Clemmie and the panther

We’ve received two more exciting new accessions this week: two files of largely unknown personal letters, one set written by Clementine Churchill to her friend Ava Waverley, and the other by her mother-in-law Lady Randolph Churchill (described by one admirer as having “more of the panther than of the woman in her look“) to her sister Leonie.

The political hostess Ava Waverley had been a friend of both Churchills since the 1930s, when she was the wife of the diplomat Ralph Wigram. He died in 1936 and in 1941 she married Sir John Anderson, Home Secretary in the wartime Cabinet (later Lord Waverley). Clementine’s letters to Ava begin with this second marriage to Anderson, writing that they would be “a source of strength & peace to each other” and that it was “comforting in this tormented world to see an oasis of light & colour”. In later letters Clementine goes on to reminisce about visiting the London docks on a Thames launch after a terrible bombing raid in 1940 (seen in the image above), confides her worries to Ava about Churchill’s stroke in 1953 and sends her heartfelt sympathy to her after the deaths of first Ava’s son and then of her husband, when in 1958 Ava found herself a widow once again.

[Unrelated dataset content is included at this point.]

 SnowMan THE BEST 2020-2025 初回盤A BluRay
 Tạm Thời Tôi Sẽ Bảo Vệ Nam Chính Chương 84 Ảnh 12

Letter from Clementine to Ava on her wedding, October 1941 (CSCT 3/119)

The letters of the panther-like Lady Randolph Churchill, or Jennie, are even more personal, written as they are to a close family member. Jennie’s letters to Leonie run from 1898 to 1919, and though they start with Jennie at the height of her glamour and success, happily listing her Christmas presents from the Prince of Wales (a former lover of hers) and Princess Alexandra: “Quite a nice lot of presents I’ve had.  The Prince a Fabergé monster & the Princess a brooch”, her letters gradually take on a sadder tone. The daughter of a wealthy American financier, Jennie was never particularly good at hanging on to money herself. In her first letter, she talks about her ambitious plans for the literary magazine she was planning, the Anglo-Saxon Review: “of course the financial part will be carried on in the most business like manner & if the Magazine is a success, as it must be – the syndicate won’t lose & will be returned their money with a profit.” Sadly the Review was so expensive to run, with its stunning leather bindings, that it went bust after just ten issues.

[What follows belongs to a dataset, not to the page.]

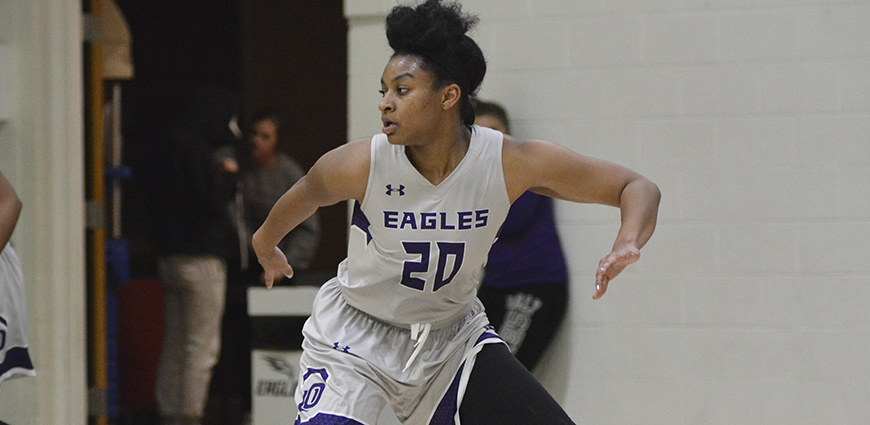 The Eagles dropped a contest against UT-Tyler.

Issues of the Anglo-Saxon Review

Money (or the lack of it) is a recurring theme. As early as 1903 Jennie laments that “I am rather low just now.  The usual £.S.D question – but rather acute”, while towards the end of her life she writes grimly “as one grows older it is no use hiding it from oneself – one’s bed & ‘board’ play a serious part in one’s life.”

Jennie’s marriage to her second husband, George Cornwallis-West, a famously handsome Guards officer who was only days older than Jennie’s elder son Winston, was not a great success either. Jennie had engaged the well-known actress Mrs Patrick Campbell as the lead in one of her plays; she confided her worries about it to Leonie, fearing that it would never make a really good play, and she would hate mediocrity, but did not expect that her leading lady would end up making off with her husband. One of her saddest letters concerns her brave attempt to patch up the marriage:

“It is no use abusing George to me.  I know his shortcomings, but am prepared to try & make the best of it.  There was nothing between receiving him back or divorce – & the latter is a horrible thing.  A public scandal is disgusting, if one can help it – Separation if impossible unless in a case like the Marlboroughs where there is lots of money & she kept what she got from him (ie) her position & title.  Bless you darling – & forgive this letter all about myself.  I still feel so ‘bruised’ that I can’t write. … Burn this letter.”

She and Cornwallis-West finally divorced in 1914, and a few years later Jennie married for a third time, to Montagu Porch, who was even younger than Winston. Her letters do become a little happier; she enjoyed Winston’s political success (she had helped campaign for him in Manchester in 1906, but was not a fan of votes for women, remarking to Leonie that “the Female suffrage women as you have probably seen by the papers are too odious.  Every night they make a disturbance & shriek & rant – they damage their cause hopelessly“). Always busy with exciting new literary, political or philanthropic projects, she was determined “to keep up with modern ideas & life“, but finally died in 1921, glamorous to the end, after tripping in a pair of high-heeled party shoes.

Katharine Thomson, Archivist, November 2025.